*** Block opens ***
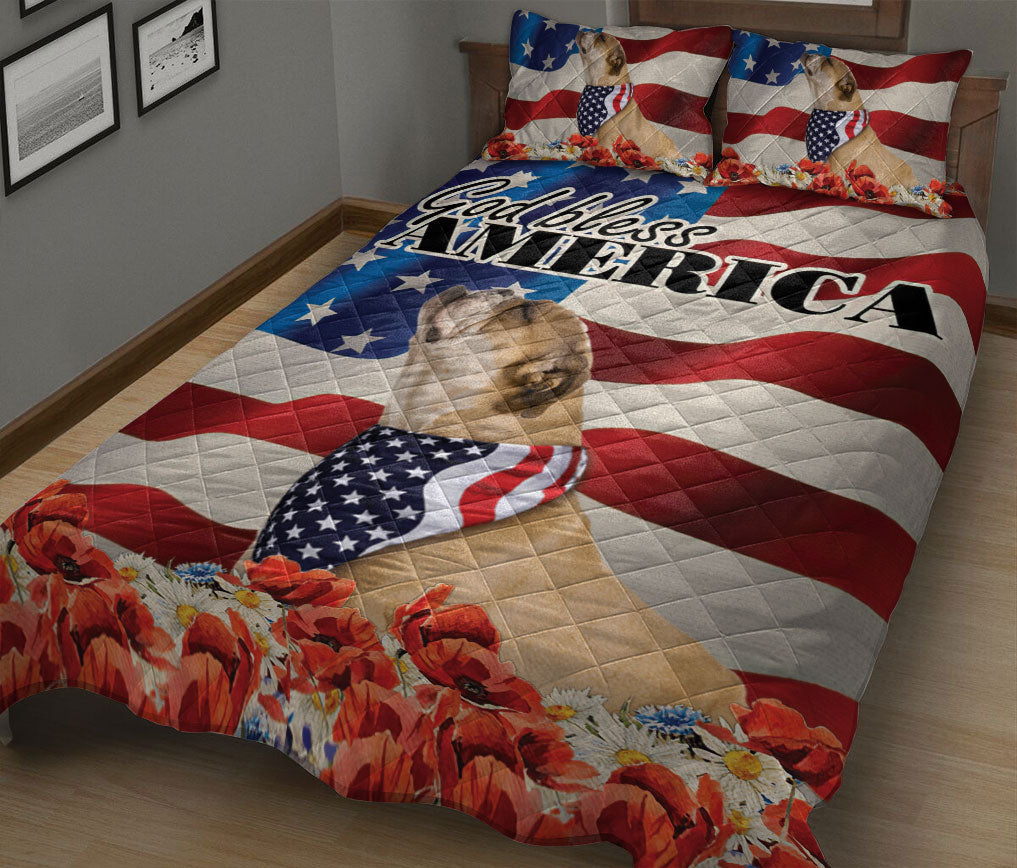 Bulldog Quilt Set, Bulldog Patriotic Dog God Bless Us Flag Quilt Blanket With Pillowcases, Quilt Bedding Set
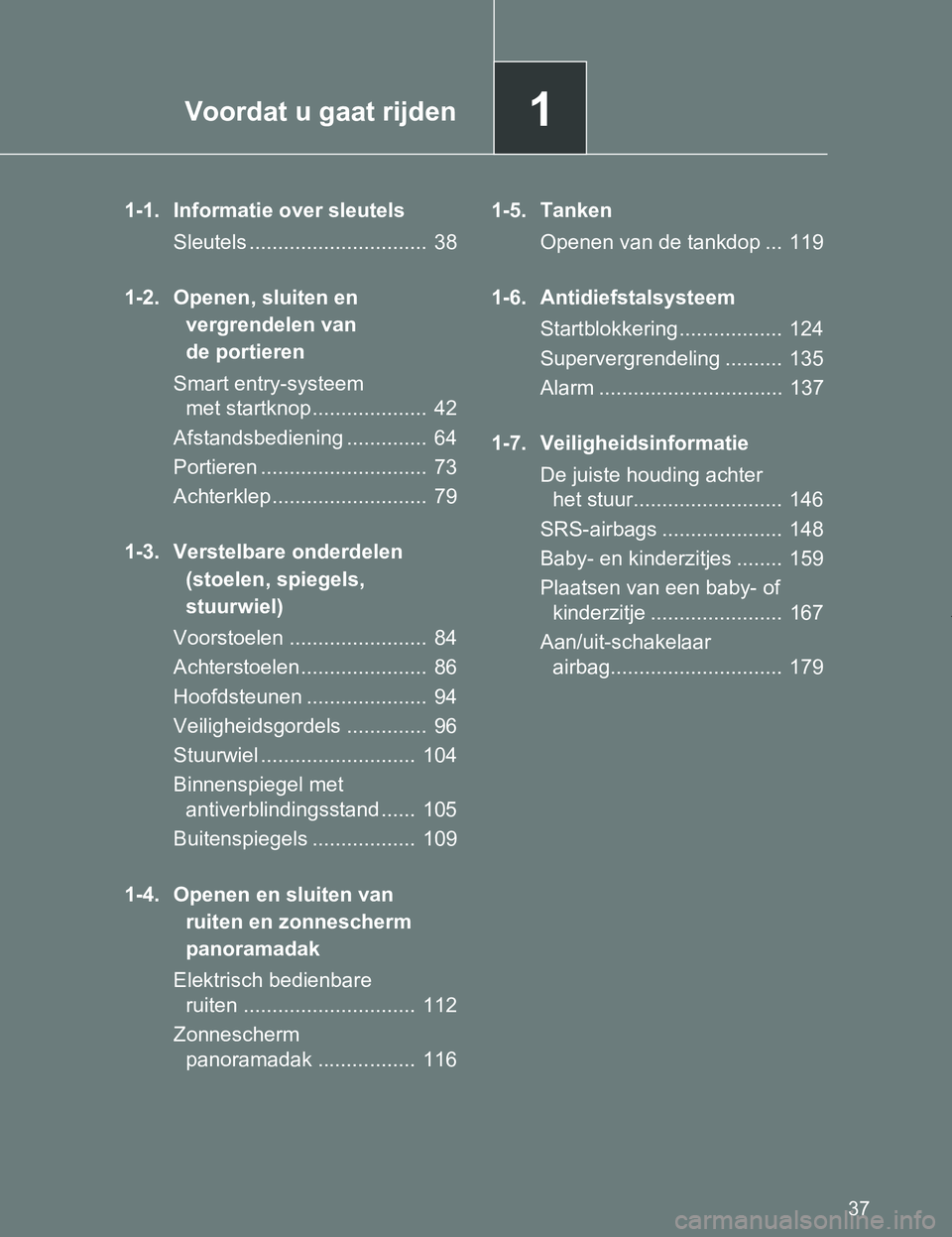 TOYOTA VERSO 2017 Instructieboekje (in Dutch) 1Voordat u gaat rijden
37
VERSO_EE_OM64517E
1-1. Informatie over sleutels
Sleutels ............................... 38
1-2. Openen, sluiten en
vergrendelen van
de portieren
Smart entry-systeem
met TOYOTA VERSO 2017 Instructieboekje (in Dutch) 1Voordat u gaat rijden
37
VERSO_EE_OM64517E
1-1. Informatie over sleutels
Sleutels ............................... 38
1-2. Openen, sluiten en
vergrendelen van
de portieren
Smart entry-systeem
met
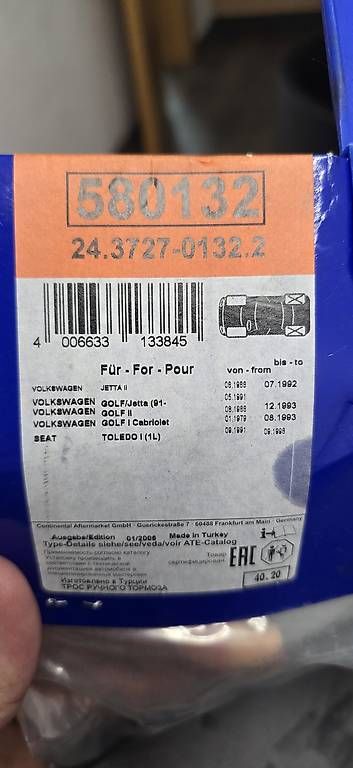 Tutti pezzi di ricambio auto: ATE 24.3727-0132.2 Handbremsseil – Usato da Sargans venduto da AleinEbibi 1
*** Block closes ***
*** Block opens ***
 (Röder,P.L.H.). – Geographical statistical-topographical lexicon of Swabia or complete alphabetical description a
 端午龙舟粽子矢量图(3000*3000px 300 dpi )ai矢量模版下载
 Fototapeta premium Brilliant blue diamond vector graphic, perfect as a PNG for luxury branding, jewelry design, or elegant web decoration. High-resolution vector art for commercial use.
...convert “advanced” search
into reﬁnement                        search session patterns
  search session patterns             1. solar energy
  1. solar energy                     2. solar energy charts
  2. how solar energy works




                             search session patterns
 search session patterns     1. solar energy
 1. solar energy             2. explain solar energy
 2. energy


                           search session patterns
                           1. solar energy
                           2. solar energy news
*** Block closes ***
*** Block opens ***
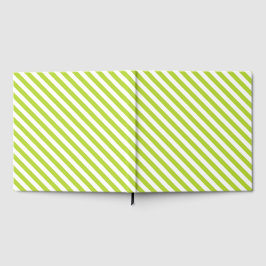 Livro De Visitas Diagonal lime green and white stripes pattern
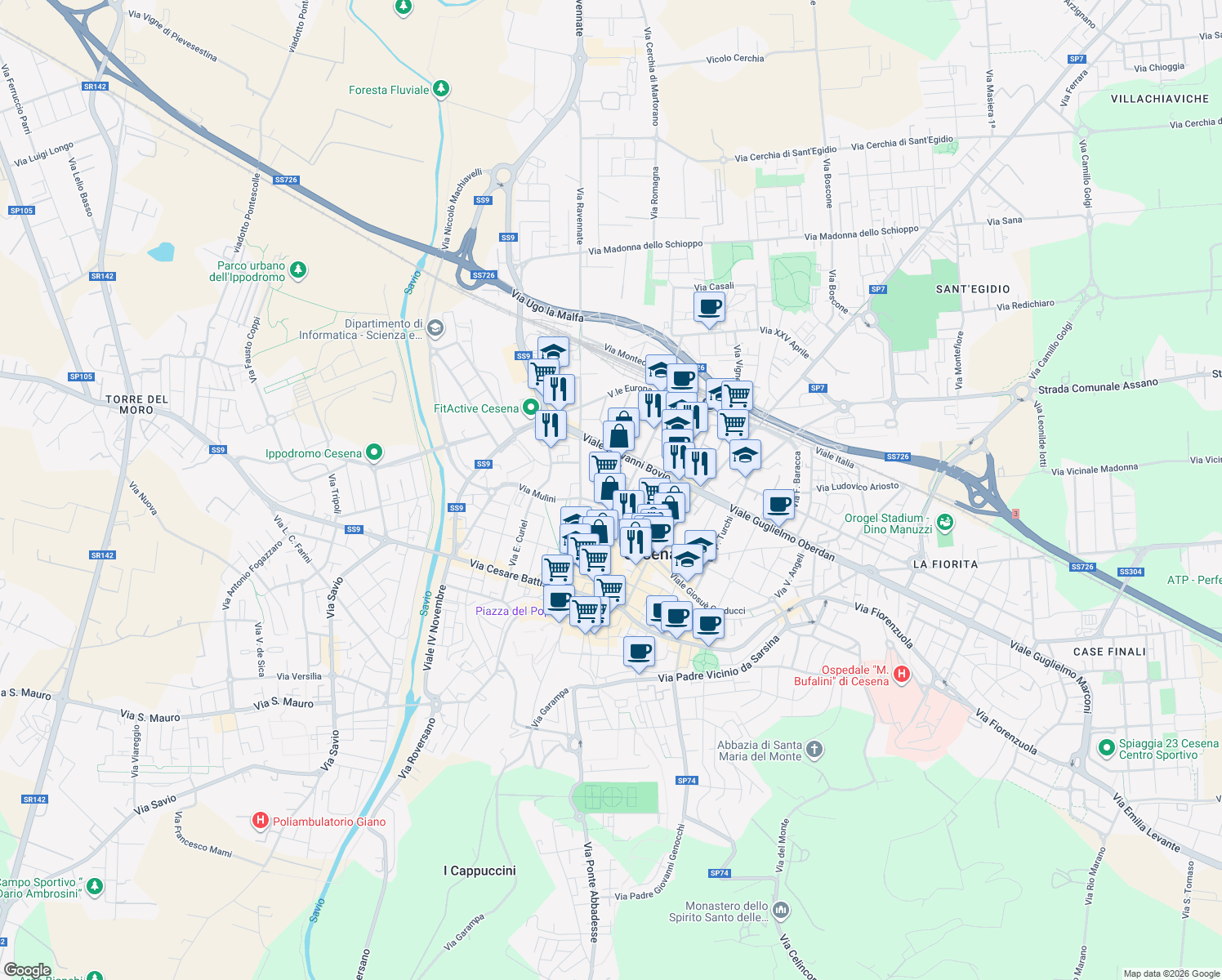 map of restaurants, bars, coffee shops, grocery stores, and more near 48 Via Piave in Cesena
*** Block closes ***
Extract, from the material above, each line holding the word "patterns".

● **ANSWER TO THE PROBLEM**
into reﬁnement                        search session patterns
  search session patterns             1. solar energy
                             search session patterns
 search session patterns     1. solar energy
                           search session patterns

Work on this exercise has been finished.